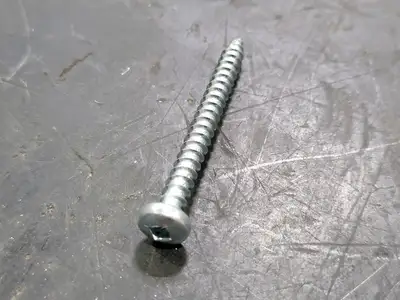 No. 10 x 2" Square Pan Head Screws Zinc Steel (Box of 195)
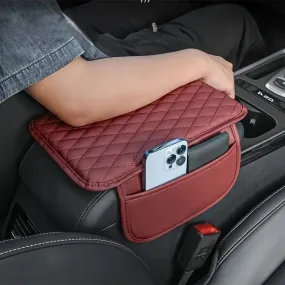 Car Interior Leather Armrest Storage Bag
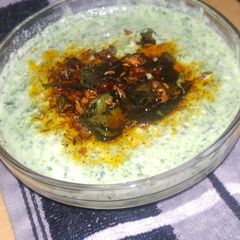 A picture of Bathua ki Raita.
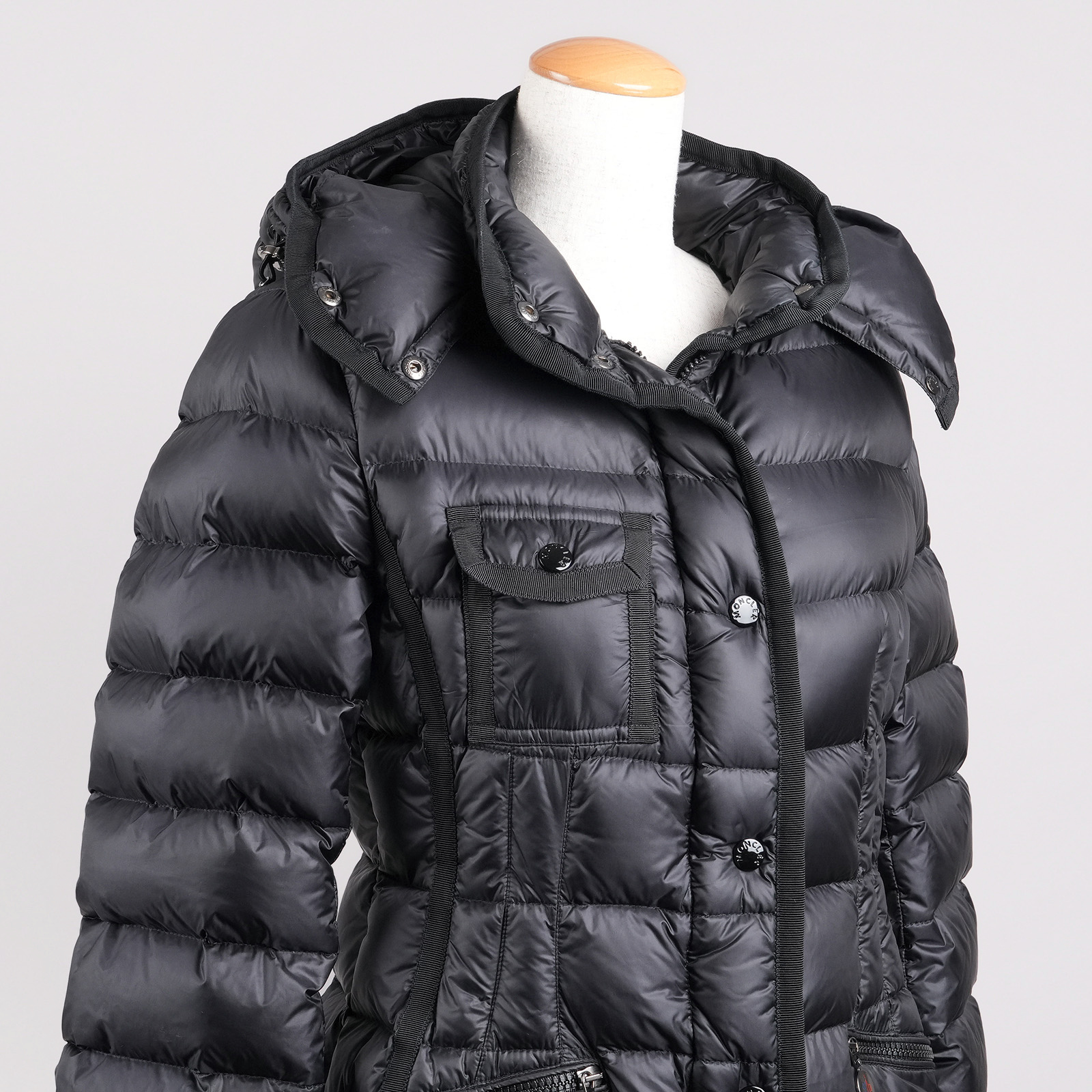 MONCLER HERMINE ダウンコート ブラック 商品写真12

* Problem to solve
What is needed is an exact copy of the lines from the one with "A picture of Bathua ki Raita." through the end of the data above, both included, minus any pictures.

* Written response
 A picture of Bathua ki Raita.
 MONCLER HERMINE ダウンコート ブラック 商品写真12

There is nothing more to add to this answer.